[Source data]
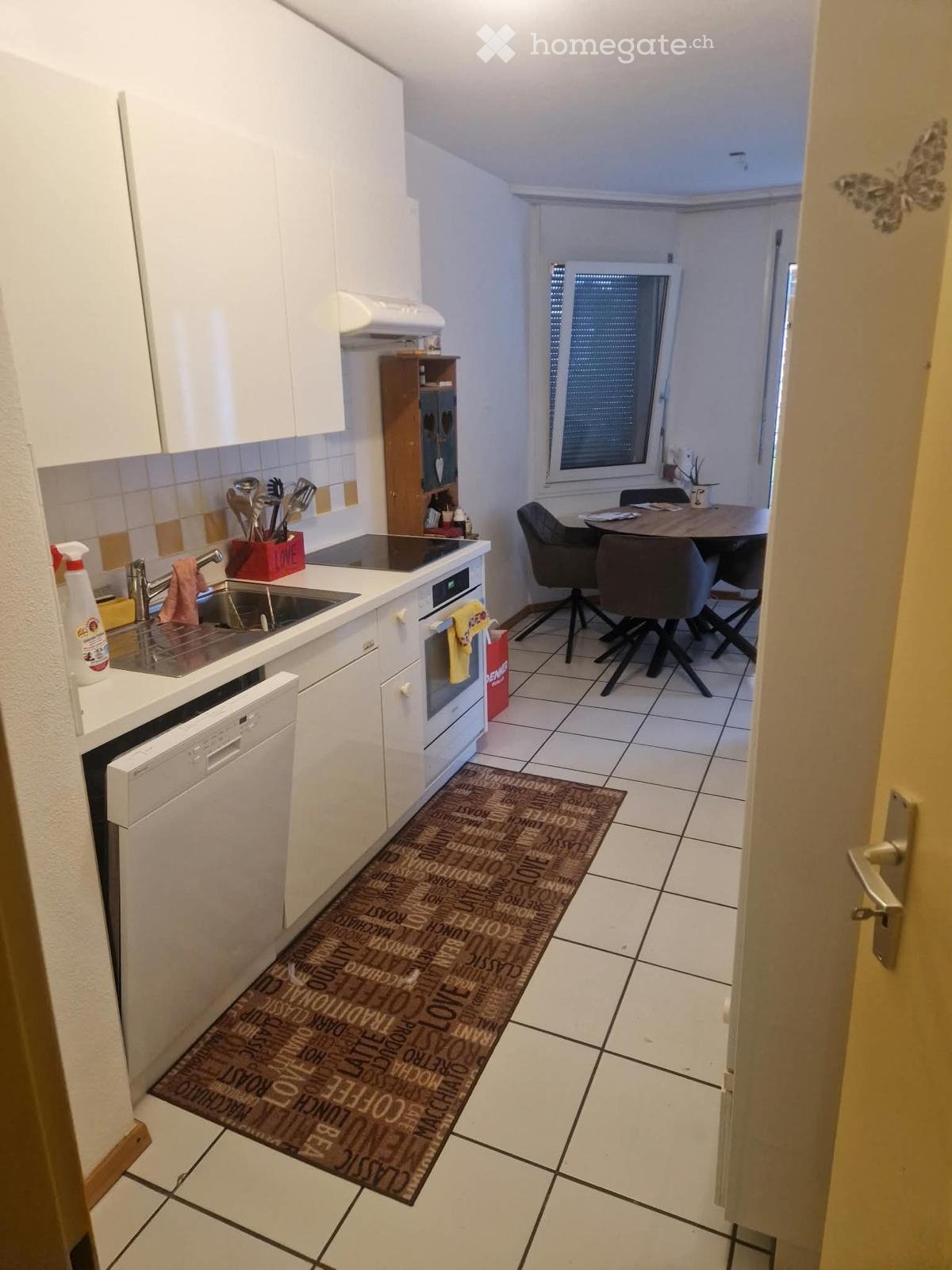 Appartement de 3 ½ pièces, photo 4 sur 5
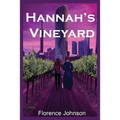 Hannah's Vineyard - Paperback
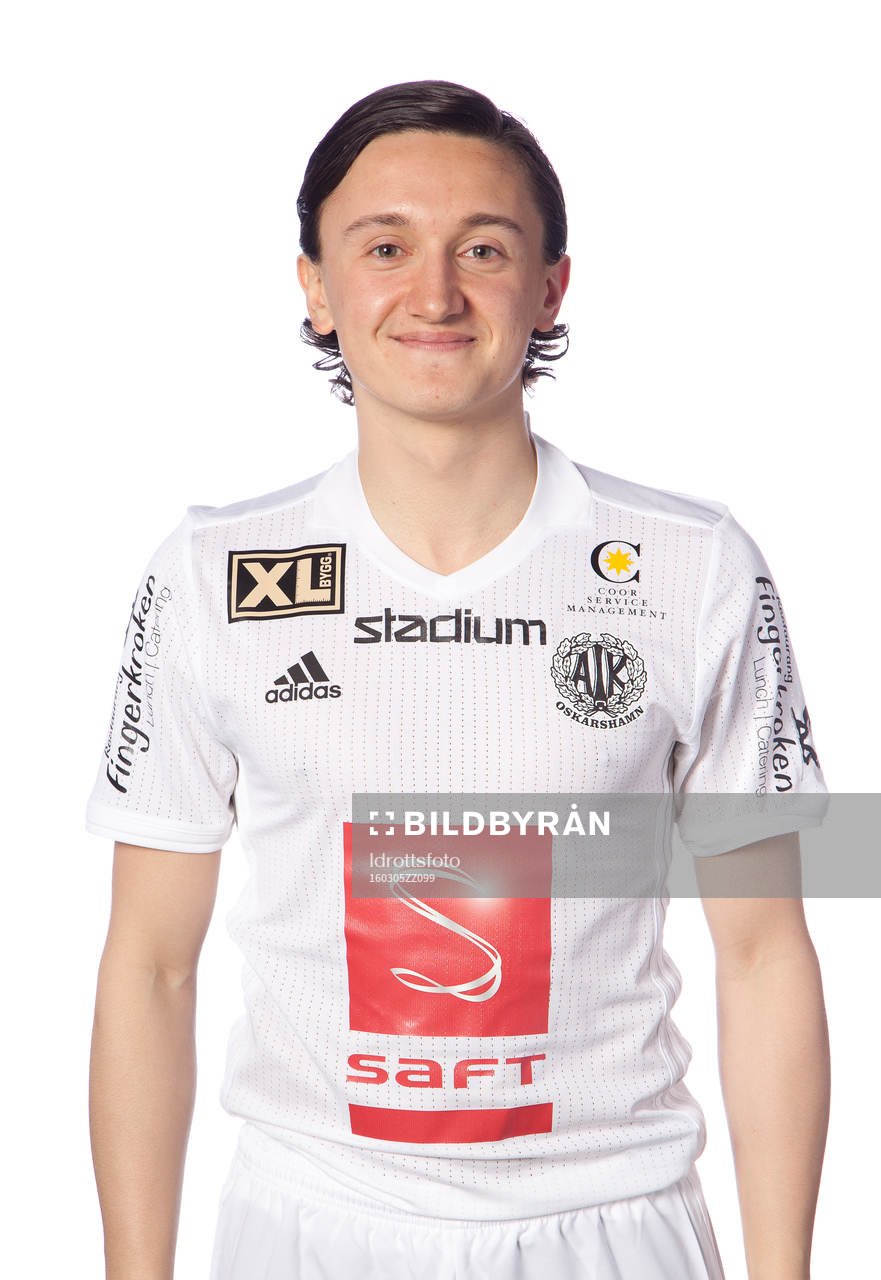 Mattias Pavic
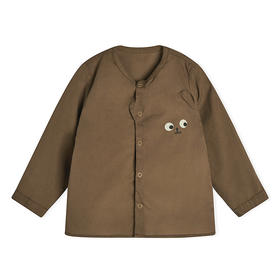 jnby  25年夏款  长袖衬衣  YP4211880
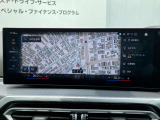 高解像度のカーナビゲーションは視認性も良く操作方法も簡単。広域での交通情報もとにした走行ルートにてご案内いたします★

- **TASK OBJECTIVE**:
Exactly the lines from the one holding "Hannah's Vineyard - Paperback" through the last line of the entries must be set down, with nothing added and no pictures.

- **RESULT OF THE TASK**:
 Hannah's Vineyard - Paperback
 Mattias Pavic
 jnby  25年夏款  长袖衬衣  YP4211880
 高解像度のカーナビゲーションは視認性も良く操作方法も簡単。広域での交通情報もとにした走行ルートにてご案内いたします★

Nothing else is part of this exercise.